I’ve known Louis’ father for about ten years. I met Louis’ mother when she was one week old. I met his maternal grandparents when they were in their early twenties, and not long after I met their parents. I know this family’s style. All families have a particular style, a way of thinking and behaving which gets handed down from one generation to another. Like all families, Louis’ family has had its troubles but, no matter what, the family style has remained.

 

All the family members have always been highly idiosyncratic individuals. Even those who think of themselves as being conventional are conventional in an idiosyncratic way. One striking feature of this family is their extraordinary tolerance of one another’s idiosyncrasies. Of course they laugh and gossip about one another, but there are no ruptures or rejections. This acceptance of one another shows itself in the way the adults treat the children in the family. They see children not as strange little creatures which have to be tamed and trained but as individuals like themselves. In short, they see children as people not objects.

 

We all know how we feel when another person treats us as an object without feelings and a point of view. When other people humiliate us, ignore us, laugh at us, pay no regard to our needs and wishes, when they betray, injure, and punish us, we know that they are denying our existence as a person. We find this extremely painful and frightening. We can try to fight back to force those who are treating us as objects to acknowledge us as we wish to be acknowledged, but when we are children we are small and helpless. We can be punished for protesting against the cruelty inflicted on us. If the cruelty continues we can come to feel that we have no right our own point of view. Indeed, we can come to feel that we have no right to exist.

 

Children born into families like Louis’ family do not suffer the threats to their sense of being a person that destroy self-confidence. Babies are born full of unself-conscious self-confidence. They don’t come into the world wondering whether people will like and accept them. They are unsurprised when people smile at them. However, most babies lose the self-confidence with which they were born, and become shy, uncertain toddlers well acquainted with shame and guilt.
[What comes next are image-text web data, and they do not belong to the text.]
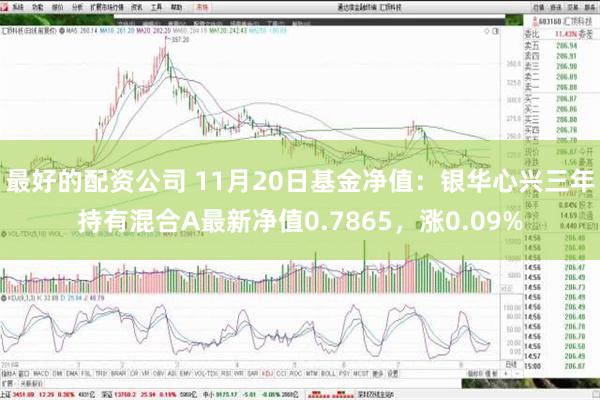 最好的配资公司 11月20日基金净值：银华心兴三年持有混合A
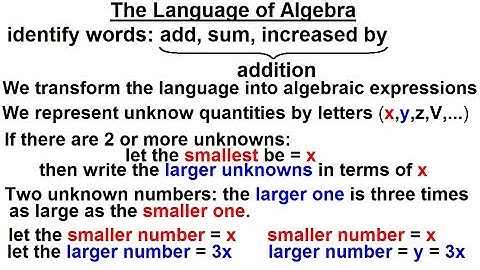 Algebra - Ch. 0.6: Basic Concepts (27 of 36) How to Speak Algebra?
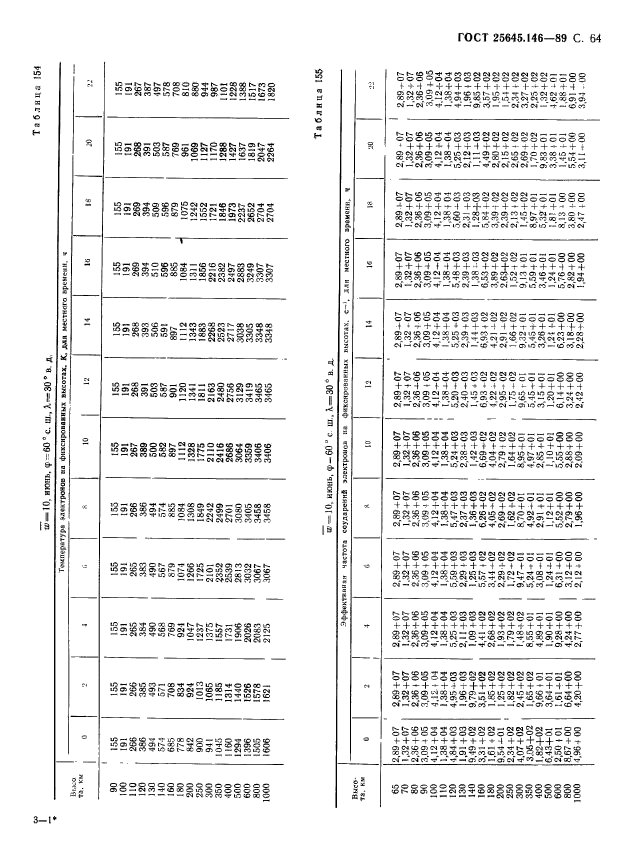  25645.146-89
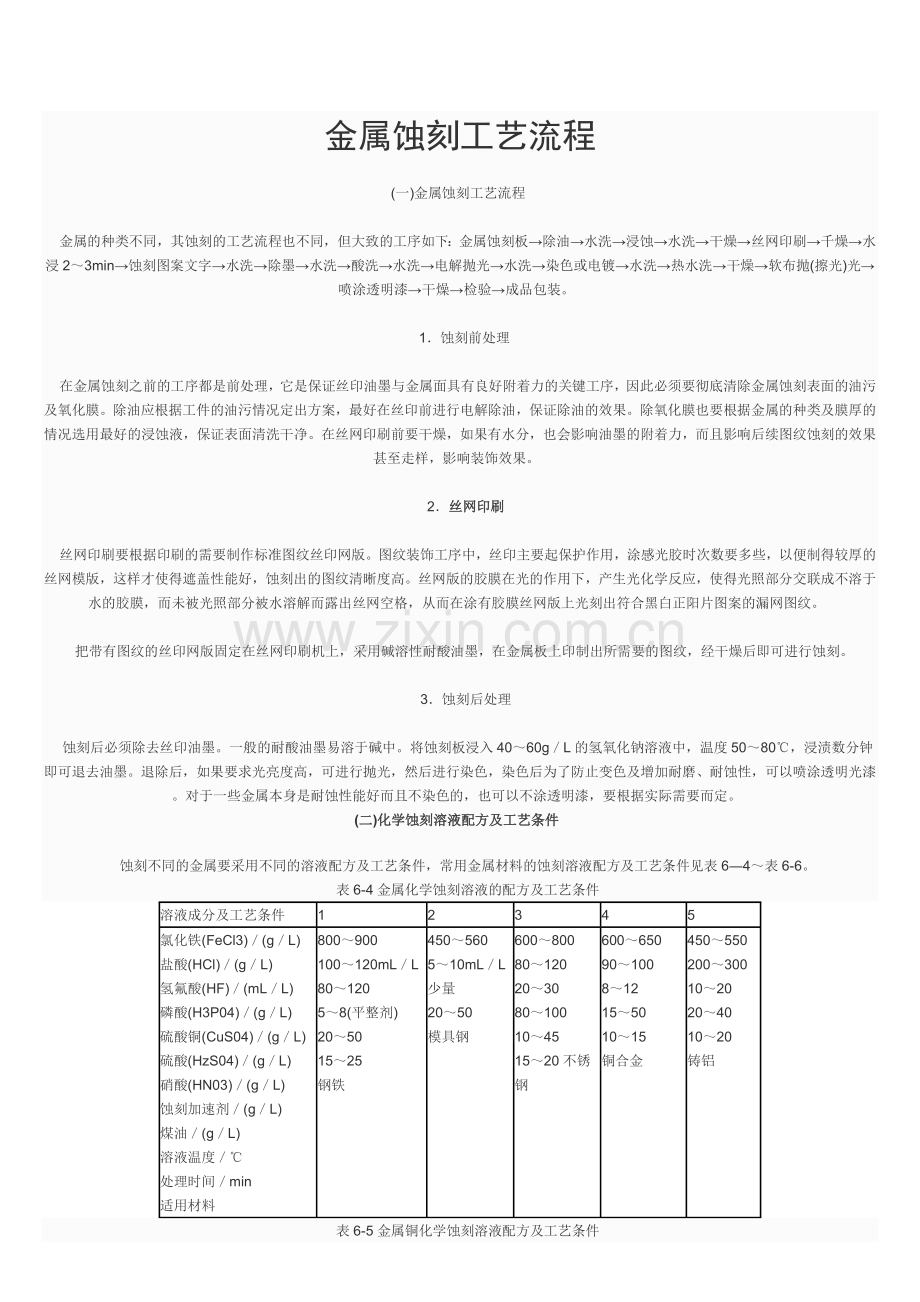金属蚀刻工艺流程.doc_第1页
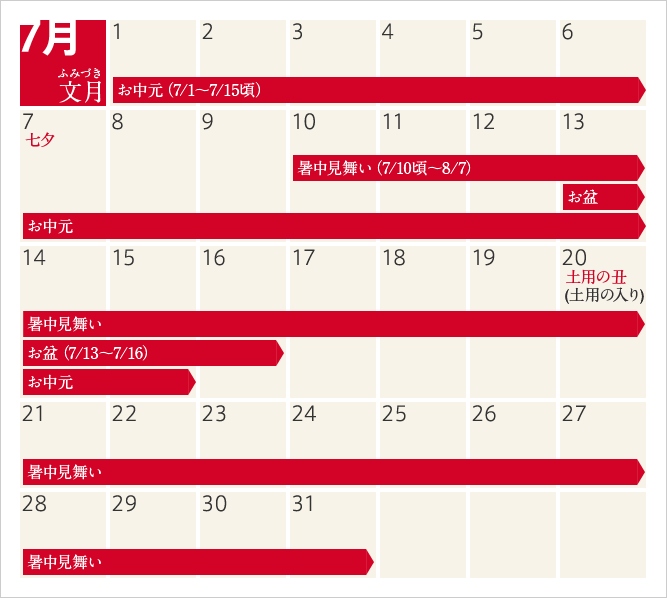 7月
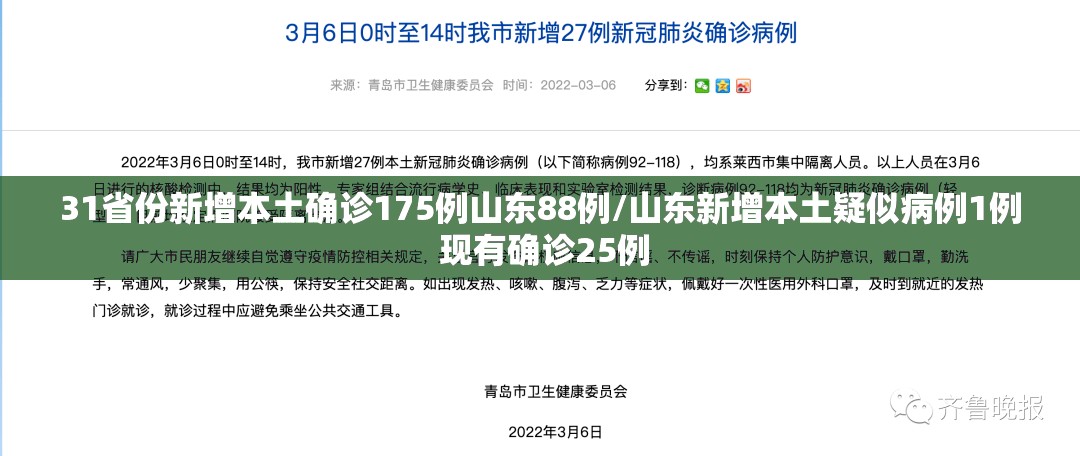 31省份新增本土确诊175例山东88例/山东新增本土疑似病例1例 现有确诊25例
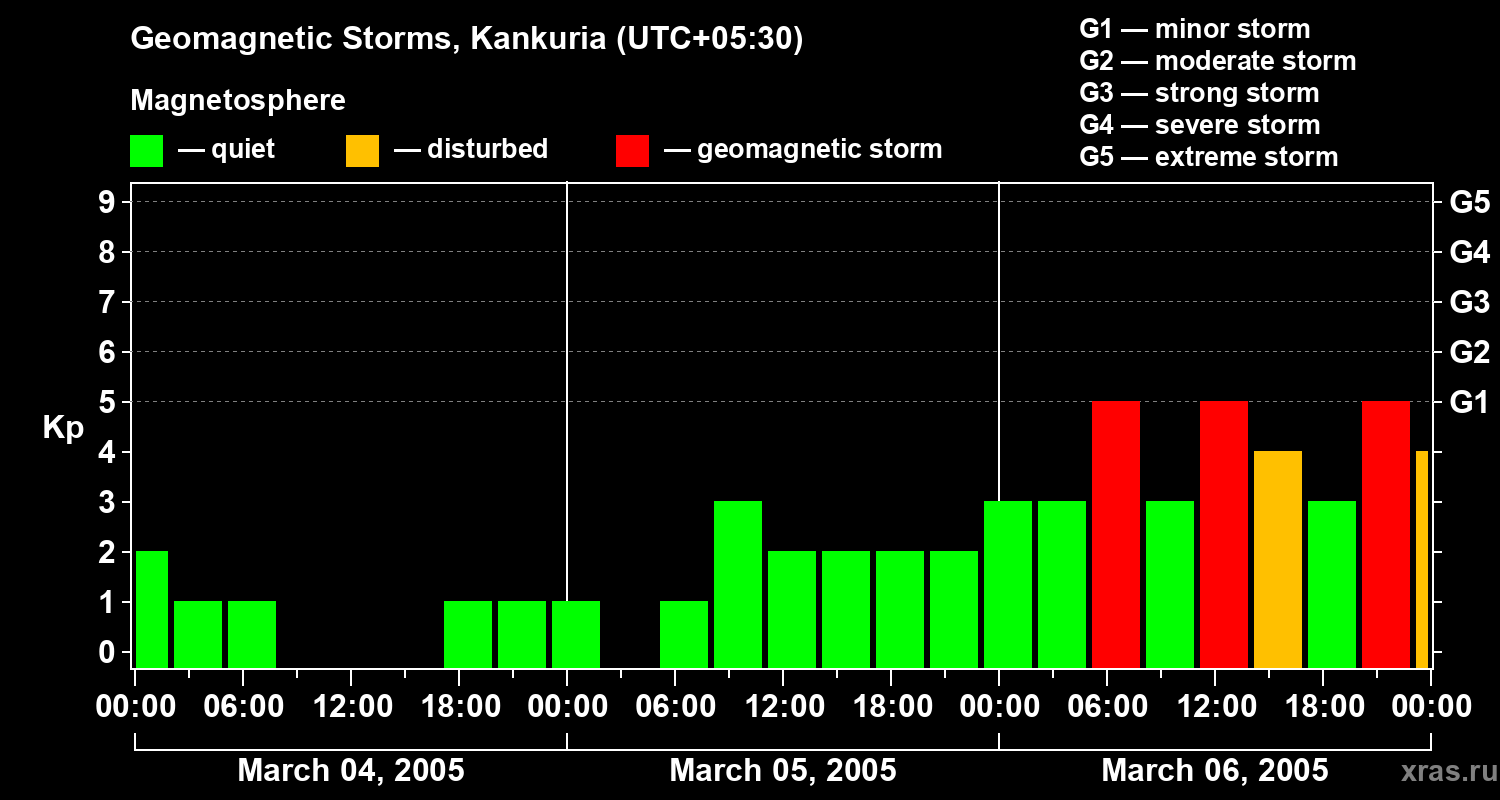 Changes in the geomagnetic index Kp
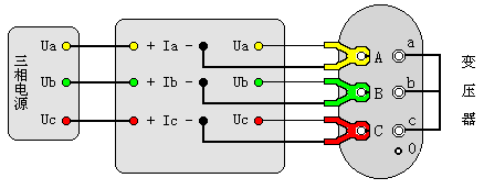 变压器容量及损耗参数测试仪三相三线电源测量变压器短路损耗接线
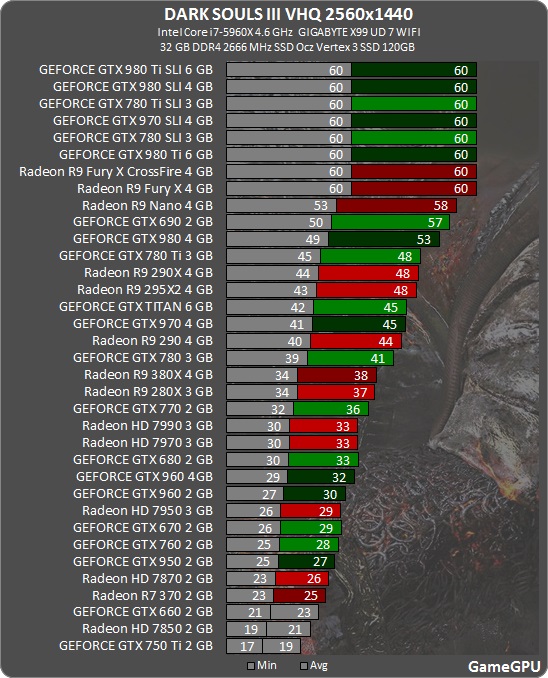 Además de paciencia, para jugar a Dark Souls II: Scholar of the First Sin  en PC necesitarás estos requisitos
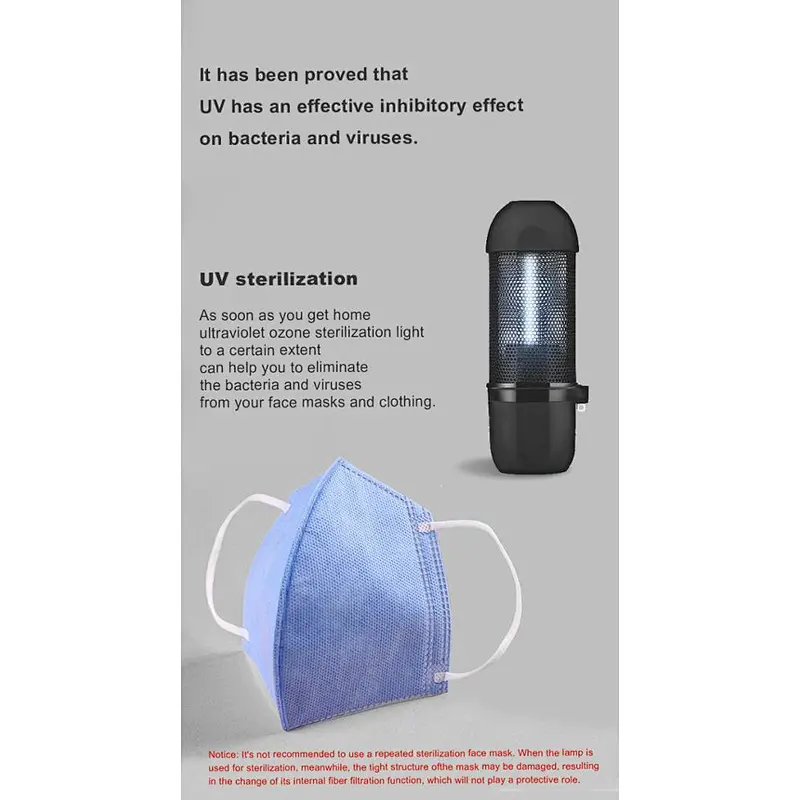 BRIMAX Ozone UV Sterilizer Air Purifier 3W Portable Germicidal Sterilization UV Lamp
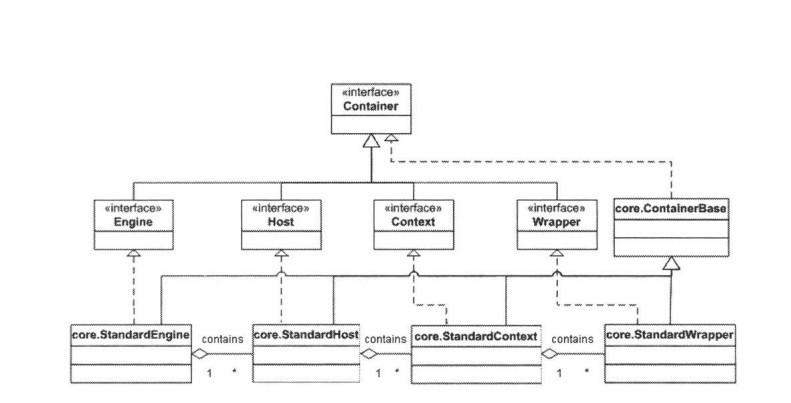 how tomcat works 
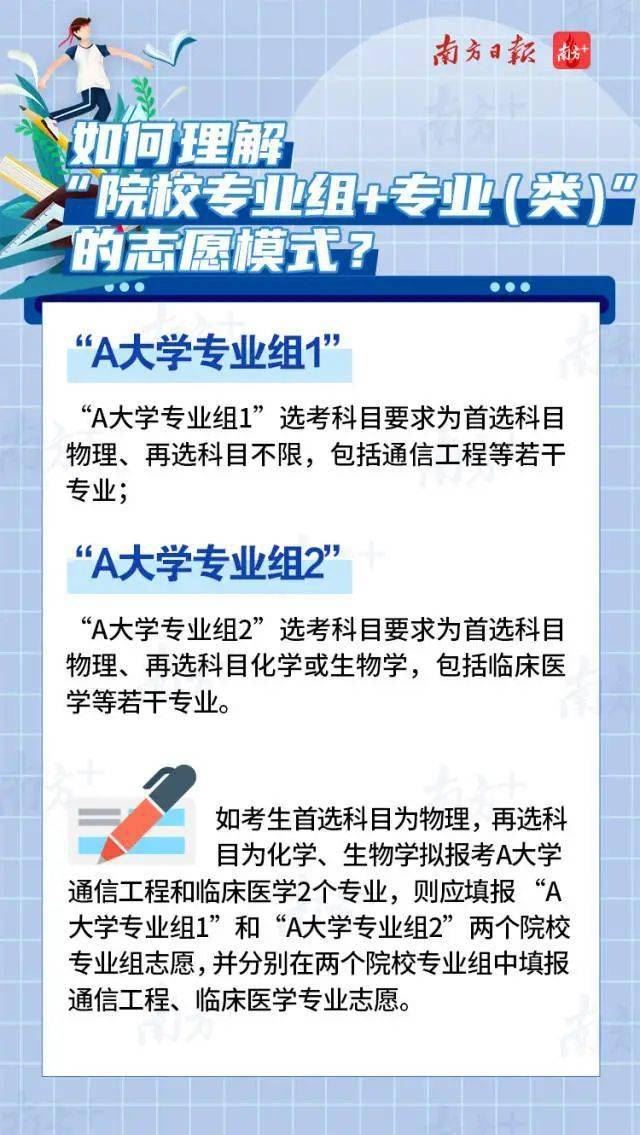 2021年广东新高考要考什么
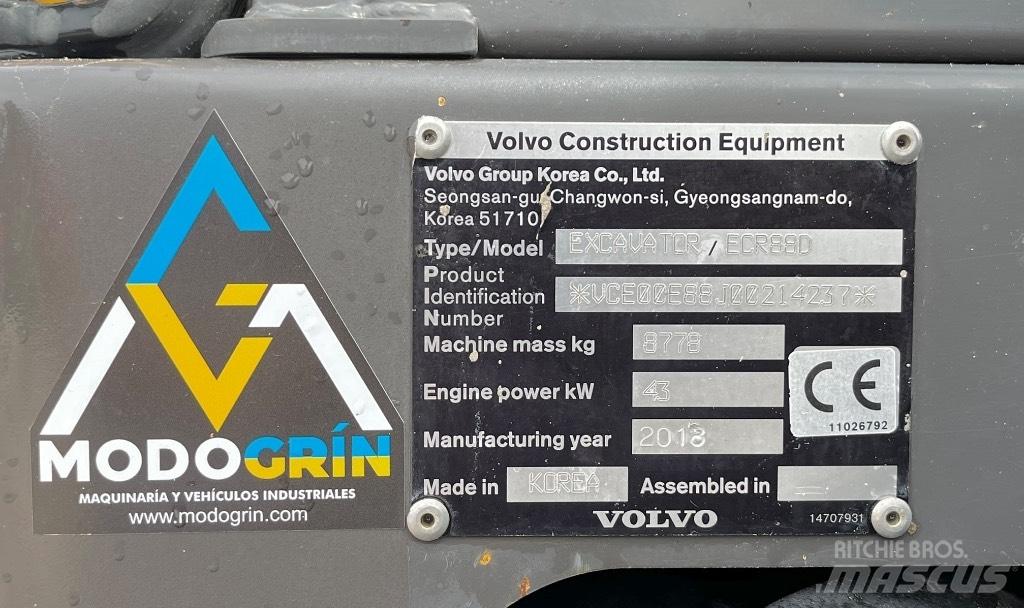 Volvo ECR 88 Minikoparki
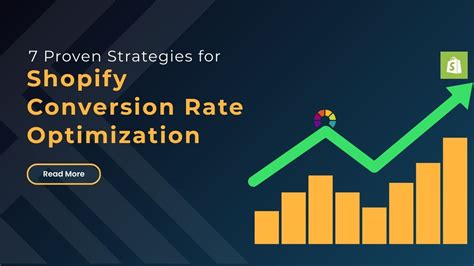 7 Proven Strategies for Shopify Conversion Rate Optimization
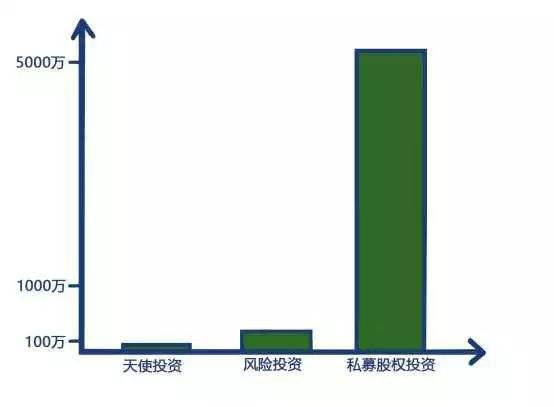 vc天使私募投资 天使投资 vc投资 pe投资 产业投资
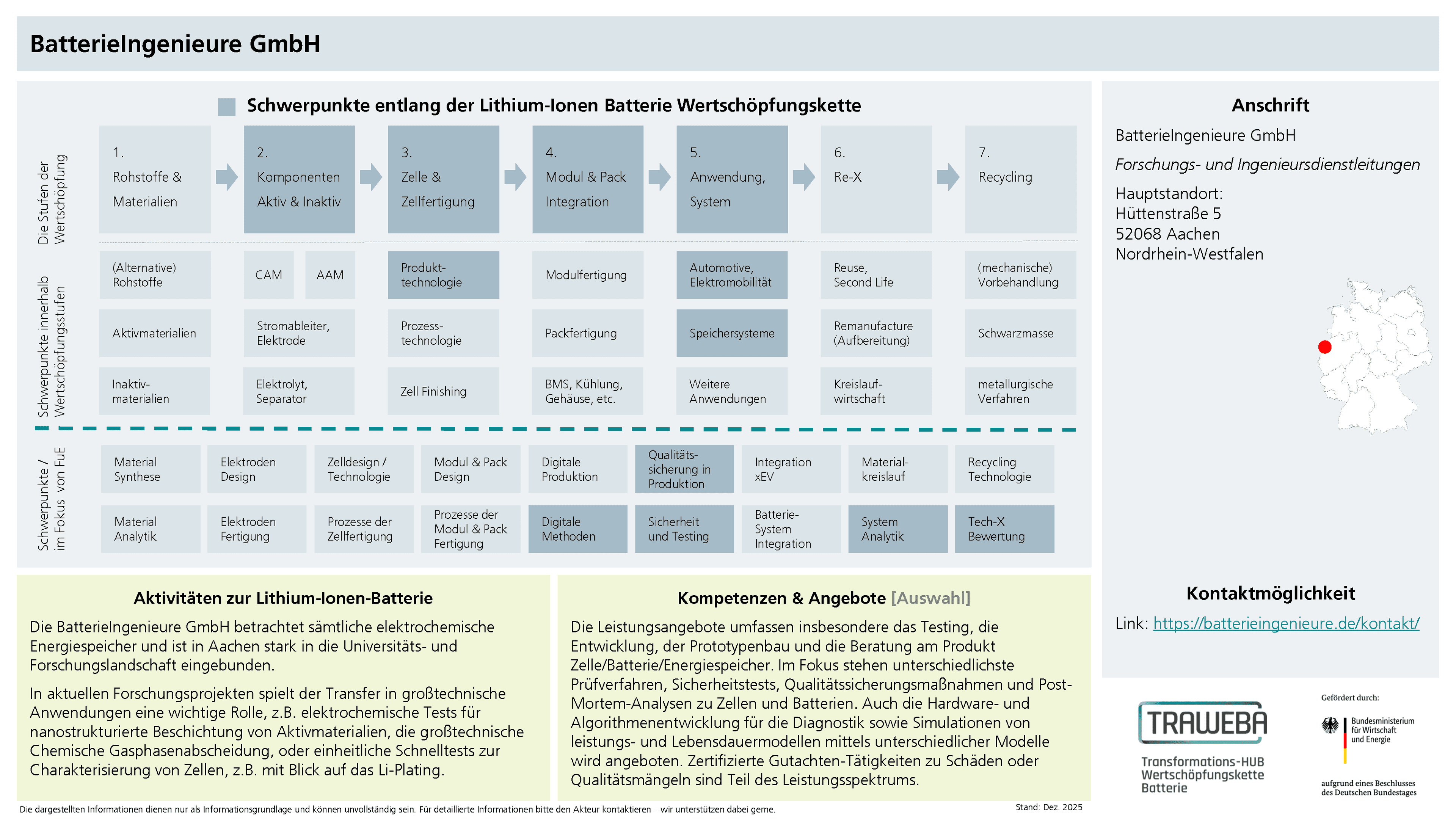 Traweba-Akteursteckbrief über die BatterieIngenieure GmbH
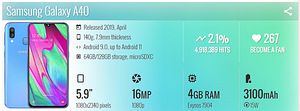 Mobiiltelefon Samsung Galaxy A40 (4 foto / 4)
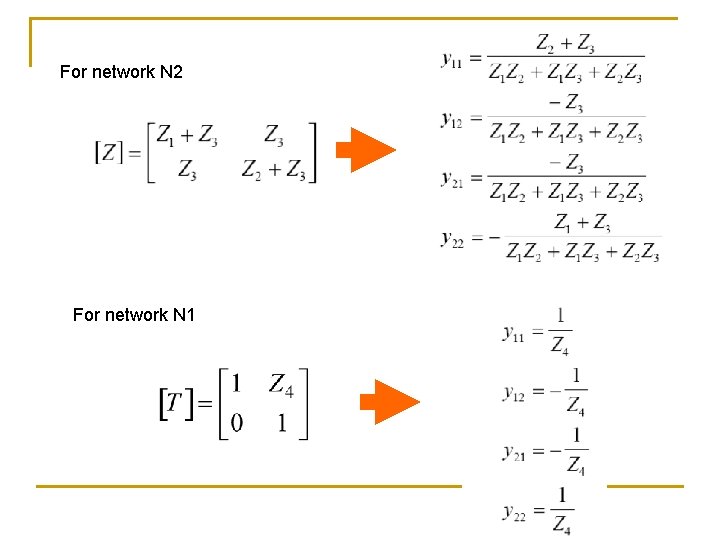For network N 2 For network N 1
These babies have been born into families where the adults do not see the children as individual people with their own point of view. It is possible to be loving and kind to a child but still see that child as an object. After all, this is what many people do to their pets. They project their own ideas on to their pets and never attempt to try to understand how that animal sees his world.

 

In past generations any child who managed to retain a vestige of self-confidence was considered to have been spoilt. Not only was the biblical injunction, ‘Spare the rod and spoilt the child’ adhered to but the belief that children were objects not people was enshrined in our language. Men and women were distinguished by the pronouns which refer to them but a child was ‘it’. Only comparatively recently have the pronouns ‘he’ and ‘she’ been applied to boys and girls.

 

The legacy left by Sigmund Freud means that nowadays some adults think about children differently from our forebears. The majority of adults still see children as expendable objects. If they did not, children would not continue to die in wars and conflicts, from poverty and curable diseases. In wealthy countries many parents are concerned solely with forcing their child to be a credit to them as parents. The child should be what the parent wants him to be, not what the child knows himself to be. Many politicians and pedagogues want to make all children conform to some educational theory and have no regard for how children see their situation. Freud’s legacy has meant that nowadays some people think about children as persons and not merely objects. Fascinated though he was with sex, Freud couldn’t help noticing that his clients did not think much of themselves. Freud wasn’t greatly interested in this but therapists who followed him came to see that their clients’ low opinion of themselves was central to their mental distress. Indeed, people demonstrate their mental distress in many different ways, ways which psychiatrists call the symptoms of mental illness, but whatever form the behaviour takes, the cause of it lies in the person’s self-hatred.

 

Thus therapists began to see that their main task was to help restore their clients’ self-confidence. This led them to question how children should be brought up.

 

It was clear that children need to be given some kind of discipline. Children have to learn how to fit into society. If Louis’ parents don’t say, ‘No’ to him occasionally and point out to him how he could improve his behaviour he’ll grow up to be an outlaw. But how to do this without destroying the child’s self-confidence?

 

This question has occupied the minds of psychologists, therapists and teachers for several decades. This question became a matter of public debate, a debate informed, and often misinformed, by the media. However, most people, and this includes most of the experts, hate thinking, especially thinking about dilemmas which allow no simple, once-and-for-all solutions. So the experts who hate thinking came up with a solution, and a complex set of ideas was transmuted into a simplistic dogma, the dogma of self-esteem. All that therapists had to do was to turn self-hatred into self-esteem, and parents should make sure that their children grow up with loads of self-esteem. There is now a self-esteem industry where counsellors and life coaches teach people how to increase their amount of self-esteem. And not before time. Oprah Winfrey has said that boosting people’s self-esteem was ‘the most important issue facing society today.’ Not to be left out, the government’s employment programmes for lone parents have been designed to ‘excite the imagination, to build self-esteem and mutual self-help.’[i]

 

How do you turn self-hatred into self-esteem? Self-hatred can take many forms. We can hate our appearance, our gender, our apparent lack of ability. We can feel that other people don’t accept us and we don’t accept ourselves. We can feel that we have no right to exist and must creep around the margins of the world. The advocates of self-esteem ignore these different ways of hating ourselves and simply declare that a person has ‘low self-esteem’ or ‘doesn’t have much self-esteem’, as if self-esteem is a thing which can exist in some greater or lesser degree and is lodged in the person like a boiled sweet in a jar.

 

The dogma of self-esteem advises to parents to shower on their children endless praise and protestations of love. The children of parents who believed in the self-esteem dogma heard little from their parents other than ‘You’re wonderful darling’ and ‘Love you darling.’ Have these children developed into strong, self confident people ready to be good members of society? Alas no. Continuous praise creates problems just as continuous criticism did.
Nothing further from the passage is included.